Leonid Meteor Shower Peaks This Week: Here's What to Expect
This week, one of the most famous of the annual meteor displays is due to reach its peak: the Leonid meteor shower.
According to Margaret Campbell-Brown and Peter Brown in the 2016 edition of the "Observer's Handbook" by the Royal Astronomical Society of Canada, the Leonids should be at their best early Thursday, Nov. 17, at 6 a.m. EST (1100 GMT). This is nearly perfect for those living across much of North America, especially in the central and western regions, where morning twilight will not yet have begun, and where the constellation of Leo (from where these ultrafast streaks of light get their name) is positioned high in the southeast sky.
The meteors appear to streak away from within a pattern of stars that resembles a backward-facing question mark, popularly known as the "Sickle" of Leo. For a single observer, the average hourly rate for the Leonids is typically somewhere between 10 and 20 meteors per hour; rather modest compared to the Perseid meteor shower in August and the Geminids in December. [Leonid Meteor Shower 2016: When, Where & How to See It]

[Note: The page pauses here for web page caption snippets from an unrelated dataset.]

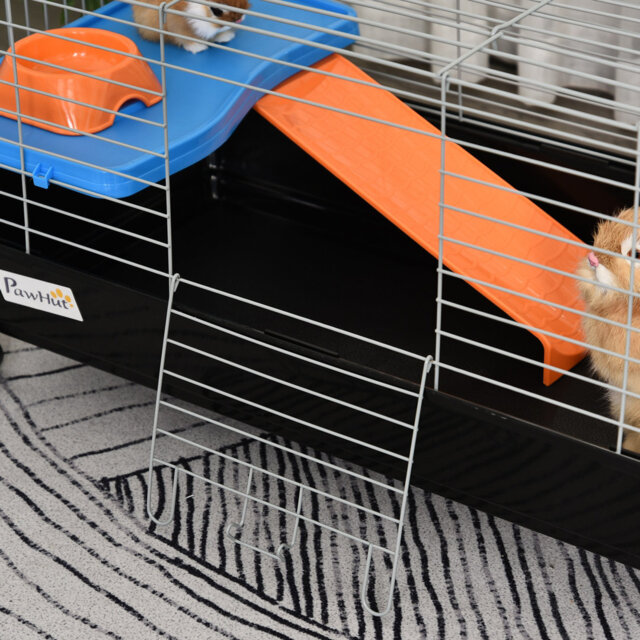 Hamster Cage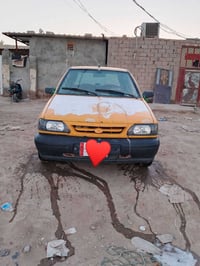 مرسيدس • ٢٠١٠ • قضاء القاسم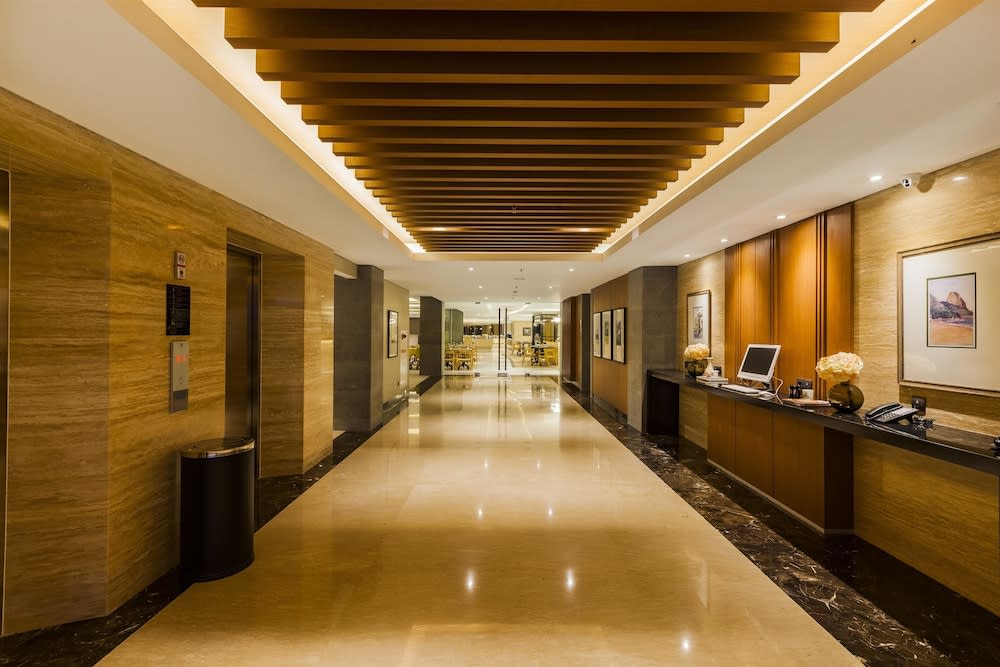Best Western Kamala Jimbaran 2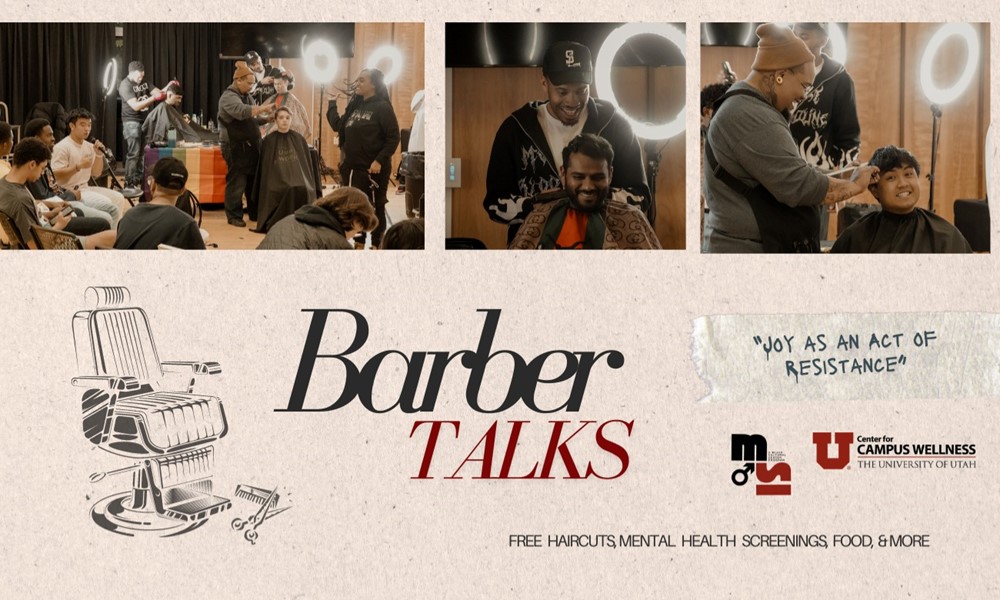 Barber Talks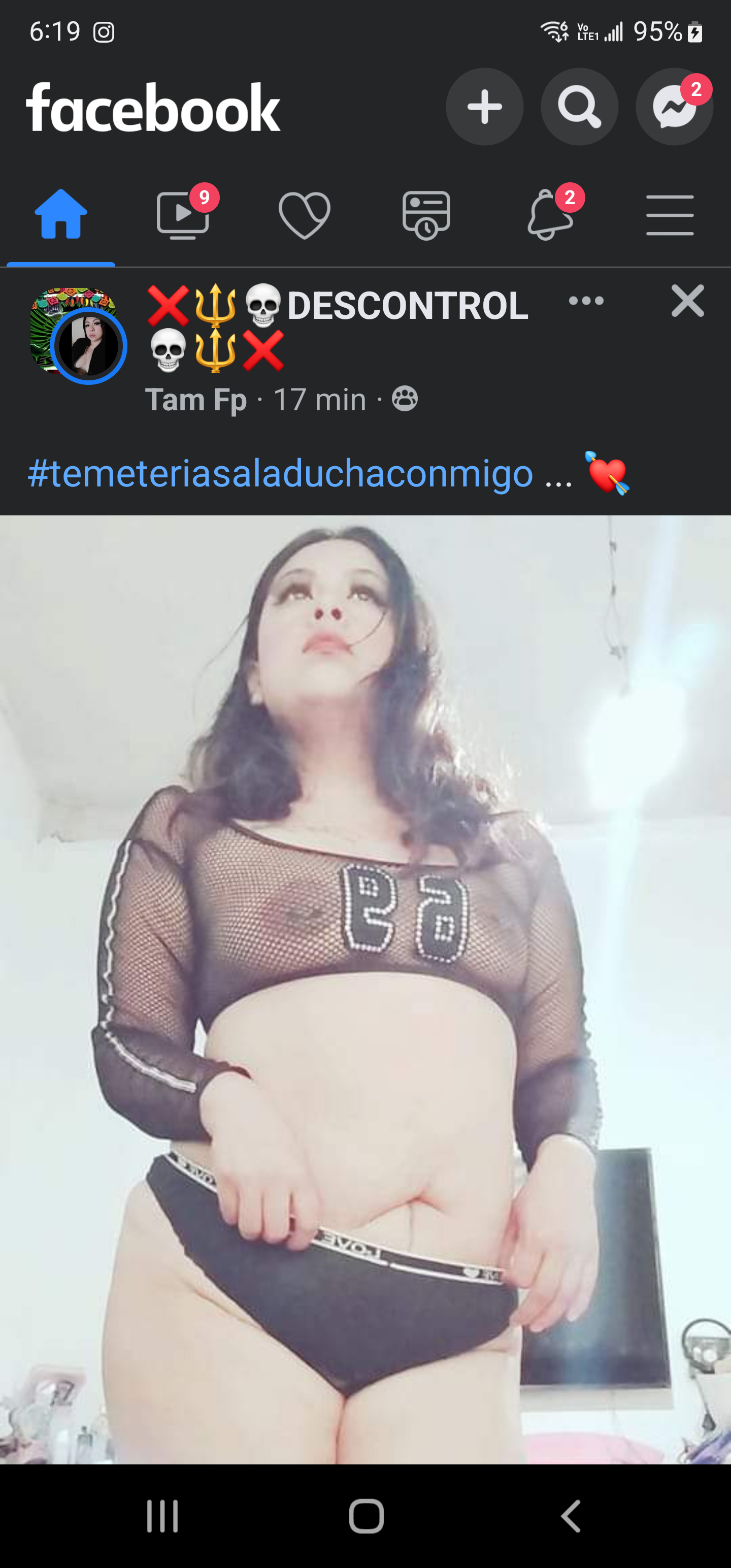 Beth Flores Pack +52 1 56 1432 3201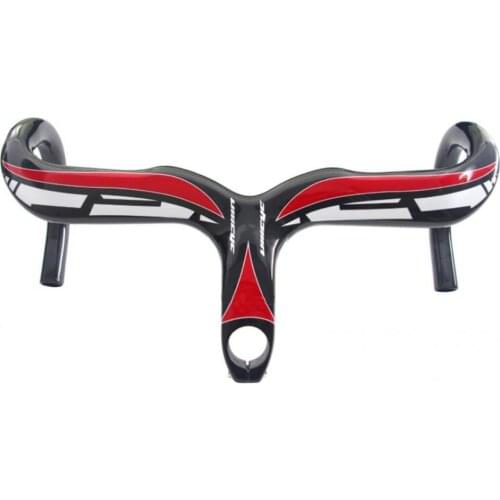 Road Handlebar Thickened Fine Workmanship Ultra-light Road Bike Drop Handlebar Bicycle Drop Bar for Road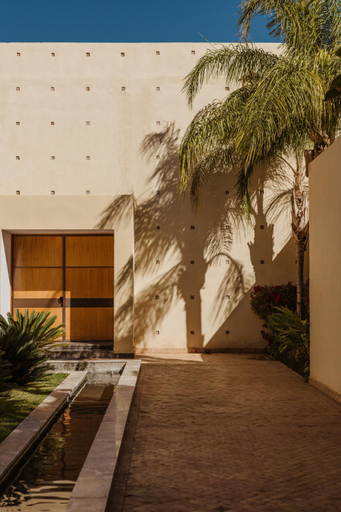 Exterior & Views 1, Sirayane Boutique Hotel & Spa, Marrakech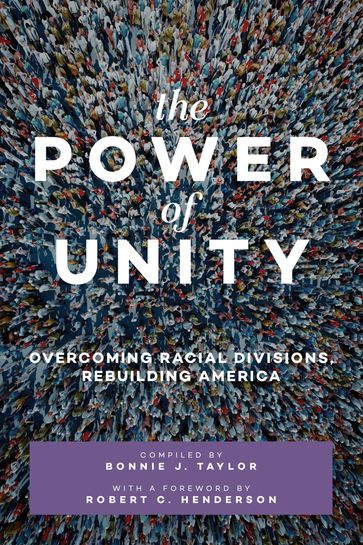 The Power of Unity - Bonnie J. Taylor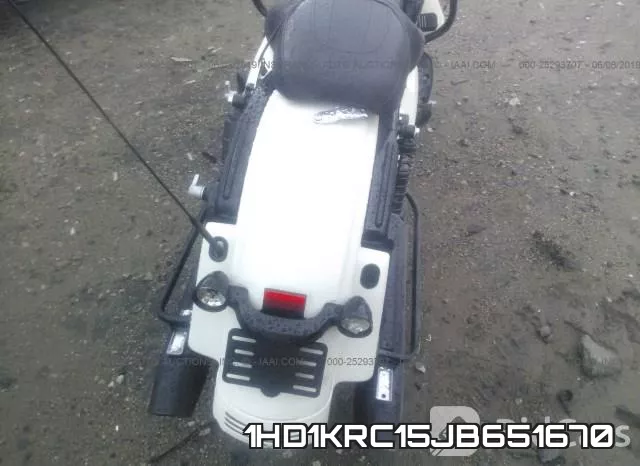1HD1KRC15JB651670 фото 7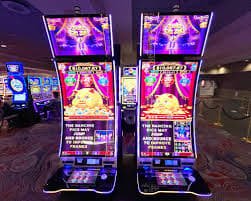 Slots ဂိမ်းများ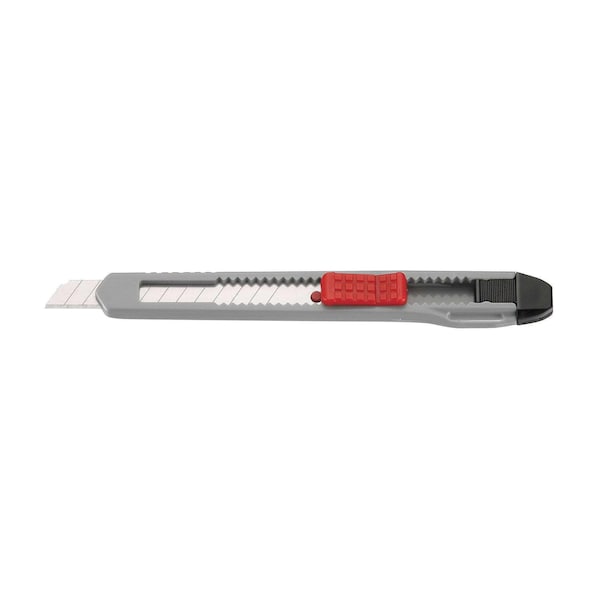 Teng Tools Hobby Knife Box Cutter w/9mm Blade - 710H 710H - main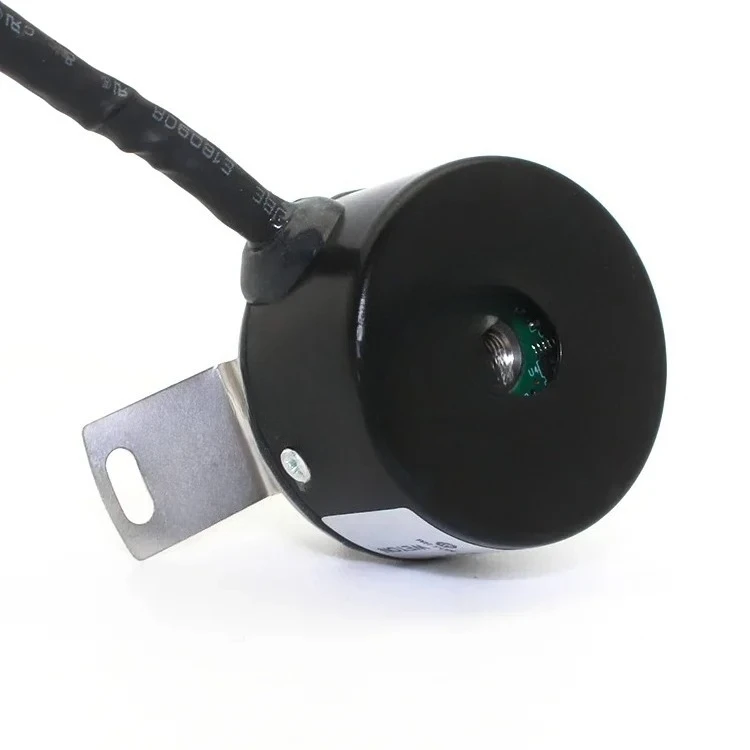 exquisite craftsmanship EI35H8-2500-5P3D5N3TSI servo motor encoder E9-4P-TSQ-TS2Q-TS3-TS2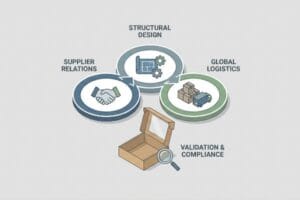 パッケージ調達とは何ですか?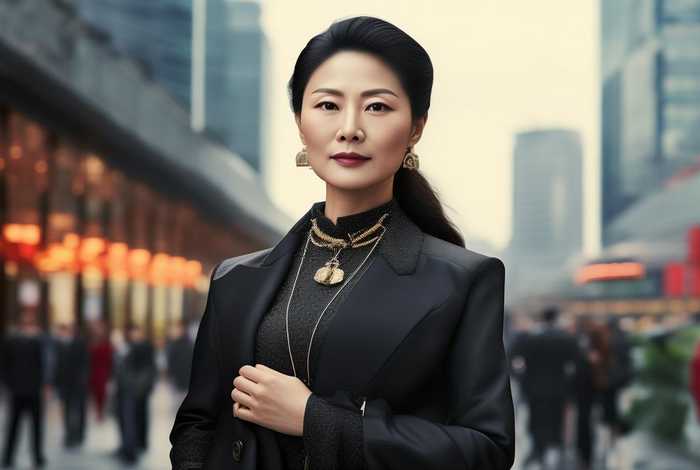 宝格丽中国区 宝格丽中国区总裁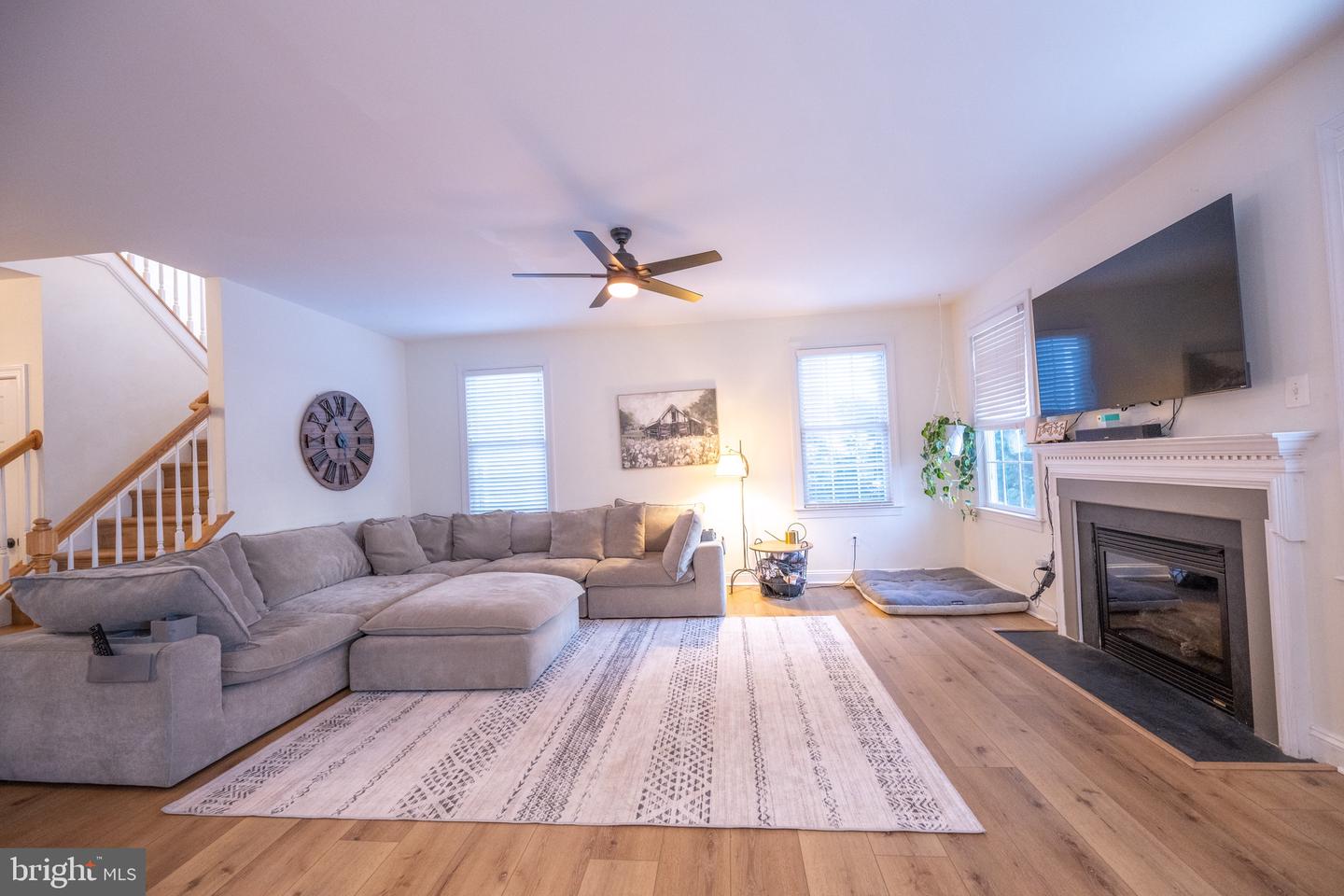 627 GREYSANDS LN, PURCELLVILLE, Virginia 20132, 4 Bedrooms Bedrooms, ,3 BathroomsBathrooms,Residential,For sale,627 GREYSANDS LN,VALO2115110 MLS # VALO2115110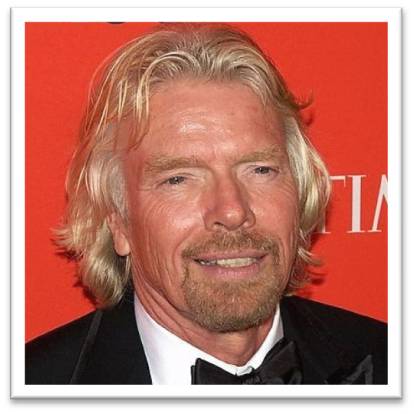 Richard Branson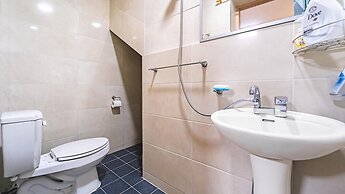 Gapyeong Hillhouse Pension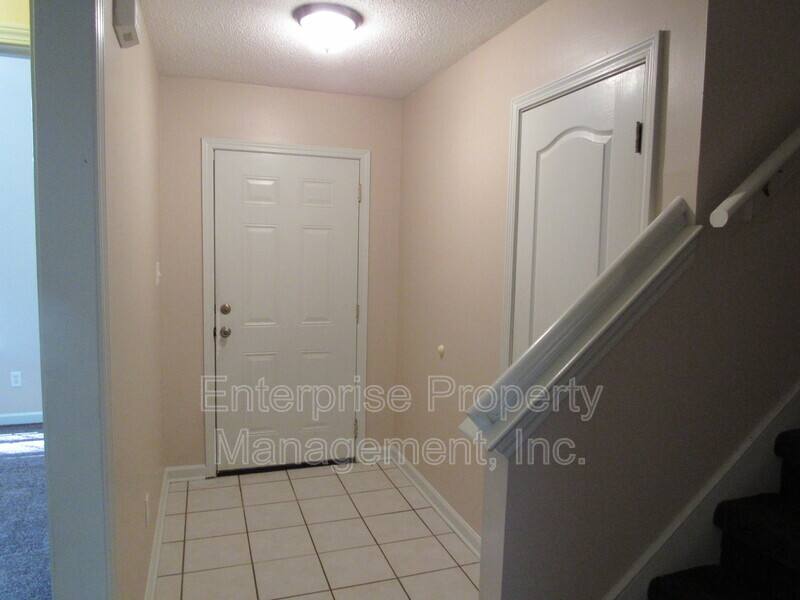 House for rent at 9740 Riggin Dr, Arlington, TN 38002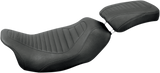 MUSTANG Tripper* Rear Pillion Pad - Tuck and Roll 76714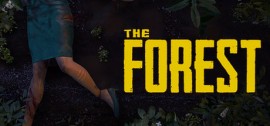 Скачать The Forest игру на ПК бесплатно через торрент
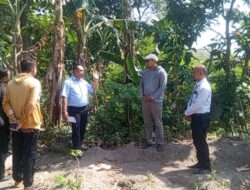 Jaminan Dilelang Sepihak, BPR Bhapertim Persada Cabang Kepung Digugat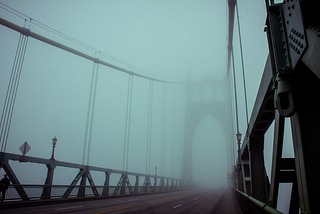 The Crescent City Connection: Ghosts of New Orleans’ Famous Bridges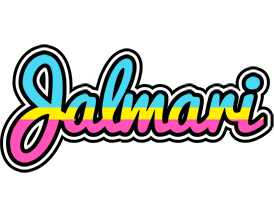 Jalmari circus logo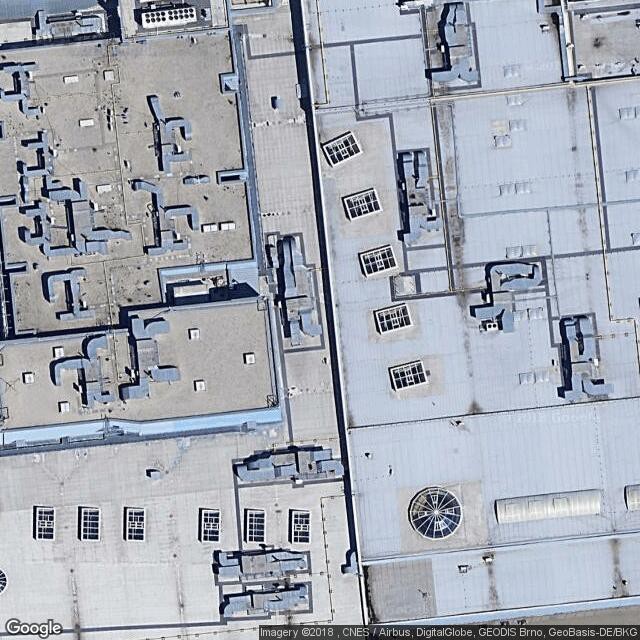 České mládeže 456/26a - OC Nisa - Liberec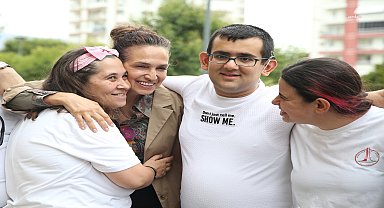 Karşıyaka Belediyesi Engelliler Haftası’nda farkındalık yaratacak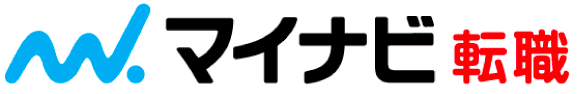 マイナビ転職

Unfortunately, something else will also be high in the sky that very same morning: a very bright waning gibbous moon, 88 percent illuminated, in the nearby constellation of Gemini. With the moon acting almost like a giant spotlight, lighting up the sky, the number of meteors that might otherwise be seen will be seriously reduced.
Still, as many as half of the Leonids leave visible trails, and there is always a small chance that a brilliant fireball or bolide (exploding meteor) might appear — one that's bright enough to attract attention even in the bright moonlight.
Stormy times
The Leonid meteor shower is an extremely variable shower. A dense swarm of particles consisting of material that is shed by the Comet Tempel-Tuttle returns about every 33 years (the comet’s orbital period), and if it crosses the Earth’s orbit during November, an intense meteor storm is seen. The Leonids produced spectacular displays — exceeding 1,000 meteors per minute —in 1799, 1833, 1866 and 1966 (when observers were left awestruck by the appearance of more than 2,000 per minute). The great swarm that produces these spectacular displays passed through aphelion – its farthest point from the sun, near the orbit of Uranus – last year, and the Leonids have been correspondingly weak in recent years. [Video: The Leonid Meteor Shower & More in November's Night Sky]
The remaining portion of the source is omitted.